··· AVAILABLE DATA ···

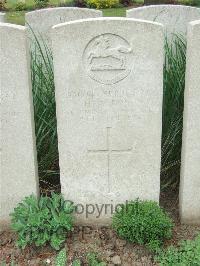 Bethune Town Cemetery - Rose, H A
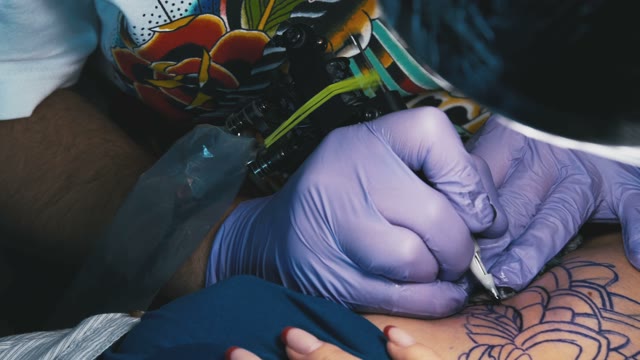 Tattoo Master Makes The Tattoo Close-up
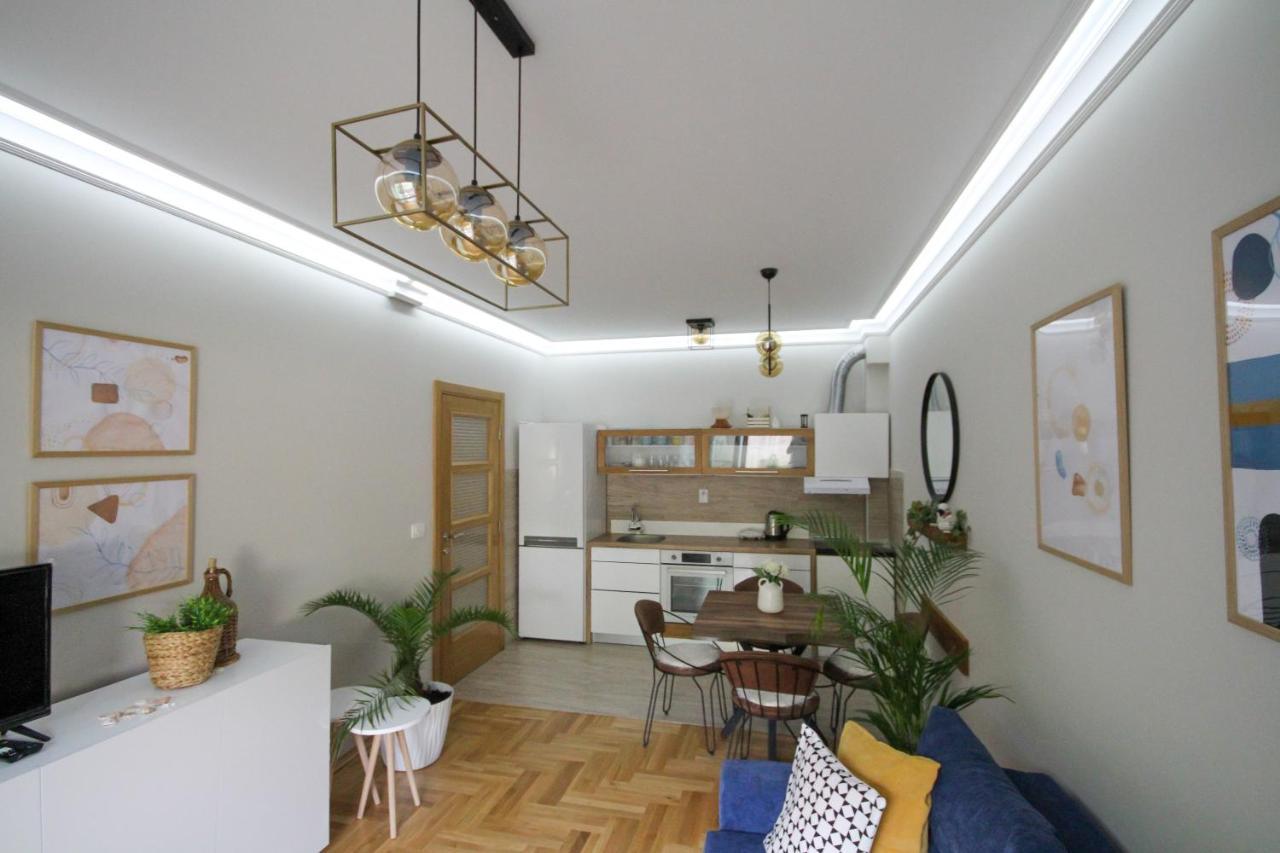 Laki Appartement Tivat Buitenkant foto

···

Only the lines from the one containing "Tattoo Master Makes The Tattoo Close-up" to the end of the listing belong in the answer, exactly as they stand and with no pictures.

 Tattoo Master Makes The Tattoo Close-up
 Laki Appartement Tivat Buitenkant foto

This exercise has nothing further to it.